И в другом месте (речь идет о старушке Лариной):

               Она любила Ричардсона
               Не потому, чтобы прочла,
               Не потому, чтоб Грандисона
               Она Ловласу предпочла…

       По-иному решает эту проблему младший современник Ричардсона Филдинг, написавший, кстати, пародию на его первый роман «Памела, или Вознагражденная добродетель». Заглавный герой «Истории Тома Джонса, найденыша» вовсе не лишен серьезных недостатков и слабостей, но они лишь оттеняют его добрую душу и отважное сердце. Ни капли фальши нет ни у автора, ни у его героя.
       Перейдем теперь к русской словесности.
       «Умри, Денис, лучше не напишешь!» — сказал Потемкин Фонвизину после премьеры его комедии «Бригадир». Общием местом в отечественном литературоведении стало утверждение, будто «Недоросль» во всех смыслах превосходит «Бригадира». Мы придерживаемся противоположного мнения — именно потому, что в «Бригадире» нет положительных героев (лишь в финале Советник выражает намерение исправиться). Но до чего ходульны и бесцветны образы Стародума, Софьи, Правдина и Милона по сравнению с Простаковыми и Скотининым! Уже поэтому сопоставление явног не ва пользу «Недоросля»… Впрочем, каноны классицистской драматургии оказались прокрустовым ложем даже для талантливых сочинителей.
       А как решали эту проблему русские романтики?
Для начала отметим, что к их числу следует отнести не только Жуковского, Батюшкова, поэтов-декабристов и некоторых второстепенных авторов. По нашему глубокому убеждению, всё творчество (а не только раннее) трех величайших писателей эпохи Николая I — Пушкина, Лермонтова и Гоголя — полностью вписывается в рамки романтической эстетики. Другое дело, что Пушкина и Лермонтова можно считать романтиками байроновского, а Гоголя — романтиком гофмановского типа. Впрочем, это предмет отдельного разговора.

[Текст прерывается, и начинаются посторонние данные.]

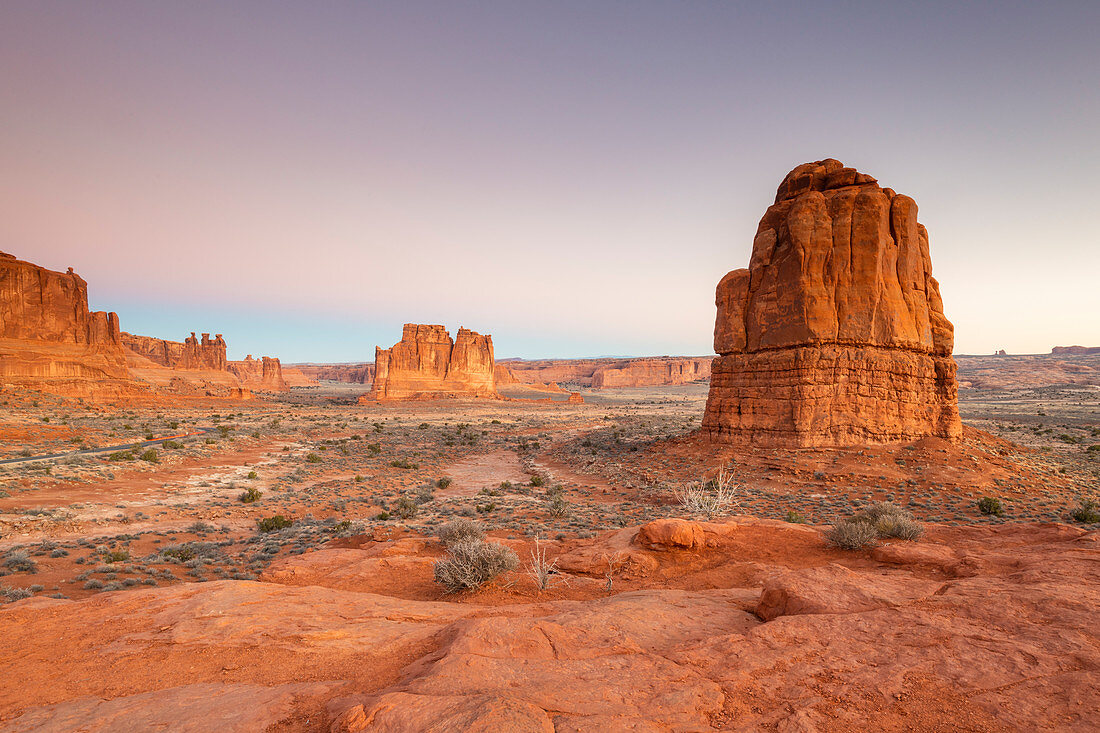 Park Avenue, Arches National Park, Moab, Utah, Vereinigte Staaten von Amerika, Nordamerika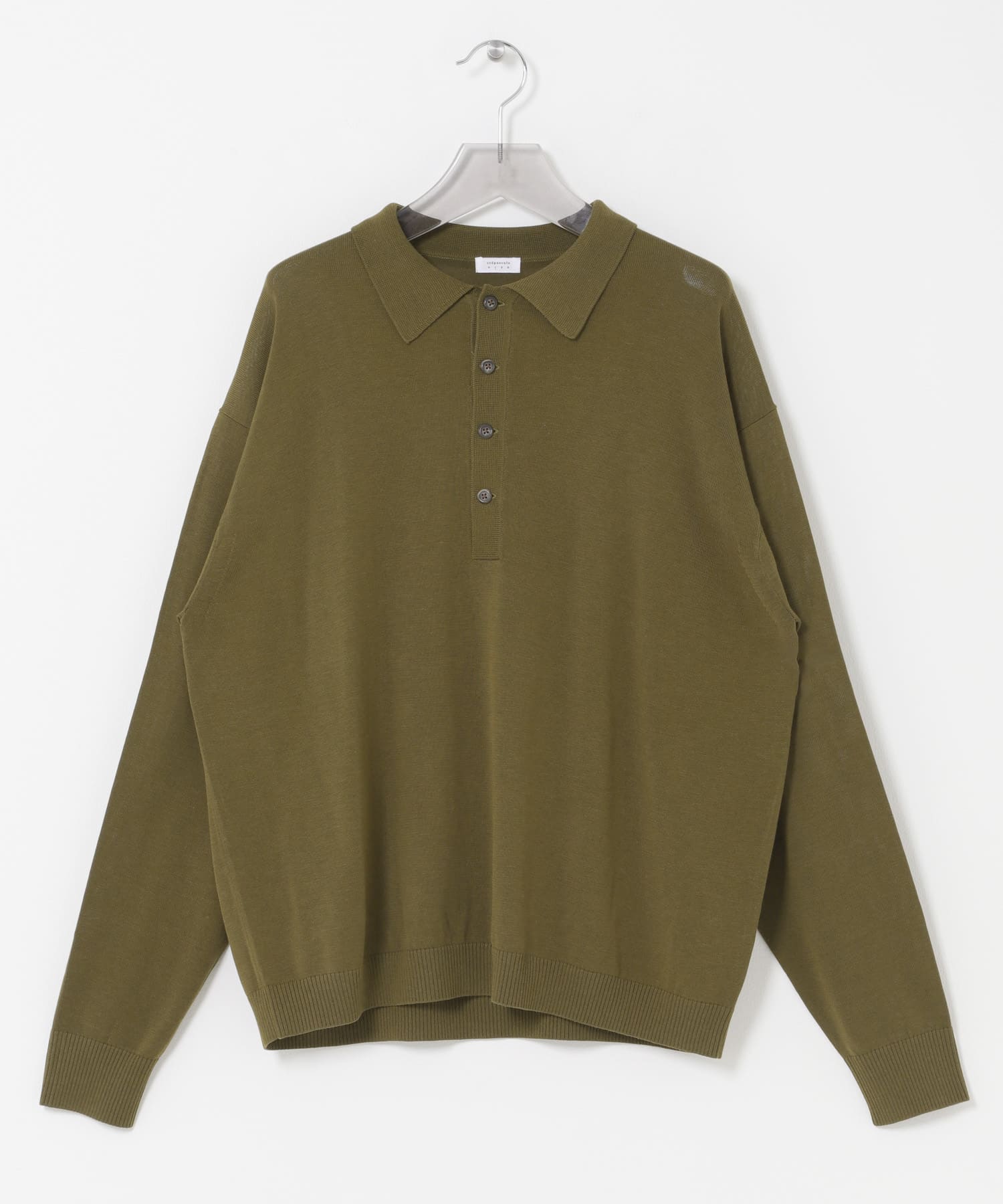 crepuscule　Long-Sleeve Polo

       Муза Пушкина чрезвычайно человеколюбива — ведь именно чувства добрые он лирой пробуждал. Он считал, «Путешествие из Петербурга в Москву» не удалось Радищеву оттого, что «нет убедительности в поношениях, и нет истины, где нет любви». Сам Пушкин находит человеческие качества даже у таких негодяев, как Гришка Отрепьев в «Борисе Годунове» или Емелька Пугачев в «Капитанской дочке» (последнего советское литературоведение даже пыталось представить как положительного героя, хотя достаточно прочесть пушкинскую «Историю Пугачева», чтобы убедиться в обратном). Есть, правда, у Пушкина образы — не центральные! — лишенные какой бы то ни было привлекательности — как внутренней, так и внешней, например — Швабрин. Но это вполне совместимо с принципами романтической эстетики. К подобным персонажам относятся Хабибра из раннего романа Гюго «Бюг Жаргаль», Рэшли из вальтер-скоттовского «Роб Роя» и другие.

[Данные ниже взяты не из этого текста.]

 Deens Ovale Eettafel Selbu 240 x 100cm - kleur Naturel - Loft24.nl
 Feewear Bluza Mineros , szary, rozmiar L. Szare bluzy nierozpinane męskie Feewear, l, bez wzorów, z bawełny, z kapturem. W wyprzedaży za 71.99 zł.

       А с каким теплым чувством описаны старосветские помещики Товстогубы — люди по сути ничтожные и никчемные! А разве не сочувствует читатель Ивану Ивановичу и Ивану Никифоровичу — двум пошлякам, поссорившимся из-за мелочи и не нашедшим сил простить друг друга! А как трогательно изображена гибель Андрия — этого изменника казачества! Иную художественную задачу ставит перед собой Гоголь в «Ревизоре» и в первом томе «Мертвых душ», где действуют «какие-то свиные рыла вместо лиц» и нет ни одного положительного персонажа. Этот же принцип положен в основу не только упомянутого «Бригадира», но и позднейших комедий — например, «Волки и овцы» Островского: как уже говорилось, отрицательный пример красноречивее положительного. Но до чего фальшивы и схематичны положительные герои второго тома «Мертвых душ»! Ясно, что его сожжение — не просто результат душевного кризиса…
       Одна из задач реалистической литературы — показать внутренний мир человека во всем его богатстве и противоречивости. По идее, уже одно это должно исключать резкое деление героев на положительных и отрицательных, что, впрочем, соблюдалось не всегда, ибо на практике всё обстоит сложнее. На вопрос, возвысить или унизить Базарова хотел Тургенев, тот ответил, что сам этого не знает. Мастерство Достоевского и его глубокий психологизм проявились, между прочим, в том, что он узрел образ и подобие Божие и в убийце (Раскольников), и в блуднице (Соня Мармеладова), и в пьянице (Семен Мармеладов), хотя им же созданы отвратительные образы Федора Карамазова и Смердякова.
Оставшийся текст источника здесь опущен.